## Problem to work on
Return every line of the data below word for word, including the punctuation.

==== Recorded data ====

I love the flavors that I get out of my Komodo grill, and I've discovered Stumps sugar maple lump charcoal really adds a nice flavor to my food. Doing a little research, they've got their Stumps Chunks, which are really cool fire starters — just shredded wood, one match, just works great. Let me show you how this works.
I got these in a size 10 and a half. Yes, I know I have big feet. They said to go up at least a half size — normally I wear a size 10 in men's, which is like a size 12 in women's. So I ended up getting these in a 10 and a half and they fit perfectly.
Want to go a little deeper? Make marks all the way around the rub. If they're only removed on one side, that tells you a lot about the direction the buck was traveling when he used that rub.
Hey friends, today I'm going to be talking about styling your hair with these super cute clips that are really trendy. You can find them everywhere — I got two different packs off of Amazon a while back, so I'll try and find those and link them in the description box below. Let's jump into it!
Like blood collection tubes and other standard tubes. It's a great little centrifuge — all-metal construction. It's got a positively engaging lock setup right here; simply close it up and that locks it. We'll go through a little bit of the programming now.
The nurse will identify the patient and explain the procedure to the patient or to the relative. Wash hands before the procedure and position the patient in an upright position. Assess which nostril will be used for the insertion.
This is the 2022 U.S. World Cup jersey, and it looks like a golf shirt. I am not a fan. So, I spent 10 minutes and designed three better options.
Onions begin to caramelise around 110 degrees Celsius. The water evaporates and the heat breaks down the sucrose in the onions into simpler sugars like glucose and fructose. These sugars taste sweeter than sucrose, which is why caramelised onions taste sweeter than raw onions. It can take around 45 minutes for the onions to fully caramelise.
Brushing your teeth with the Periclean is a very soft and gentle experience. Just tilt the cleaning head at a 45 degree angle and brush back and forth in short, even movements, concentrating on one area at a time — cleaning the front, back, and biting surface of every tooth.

====

## Exercise solution
I love the flavors that I get out of my Komodo grill, and I've discovered Stumps sugar maple lump charcoal really adds a nice flavor to my food. Doing a little research, they've got their Stumps Chunks, which are really cool fire starters — just shredded wood, one match, just works great. Let me show you how this works.
I got these in a size 10 and a half. Yes, I know I have big feet. They said to go up at least a half size — normally I wear a size 10 in men's, which is like a size 12 in women's. So I ended up getting these in a 10 and a half and they fit perfectly.
Want to go a little deeper? Make marks all the way around the rub. If they're only removed on one side, that tells you a lot about the direction the buck was traveling when he used that rub.
Hey friends, today I'm going to be talking about styling your hair with these super cute clips that are really trendy. You can find them everywhere — I got two different packs off of Amazon a while back, so I'll try and find those and link them in the description box below. Let's jump into it!
Like blood collection tubes and other standard tubes. It's a great little centrifuge — all-metal construction. It's got a positively engaging lock setup right here; simply close it up and that locks it. We'll go through a little bit of the programming now.
The nurse will identify the patient and explain the procedure to the patient or to the relative. Wash hands before the procedure and position the patient in an upright position. Assess which nostril will be used for the insertion.
This is the 2022 U.S. World Cup jersey, and it looks like a golf shirt. I am not a fan. So, I spent 10 minutes and designed three better options.
Onions begin to caramelise around 110 degrees Celsius. The water evaporates and the heat breaks down the sucrose in the onions into simpler sugars like glucose and fructose. These sugars taste sweeter than sucrose, which is why caramelised onions taste sweeter than raw onions. It can take around 45 minutes for the onions to fully caramelise.
Brushing your teeth with the Periclean is a very soft and gentle experience. Just tilt the cleaning head at a 45 degree angle and brush back and forth in short, even movements, concentrating on one area at a time — cleaning the front, back, and biting surface of every tooth.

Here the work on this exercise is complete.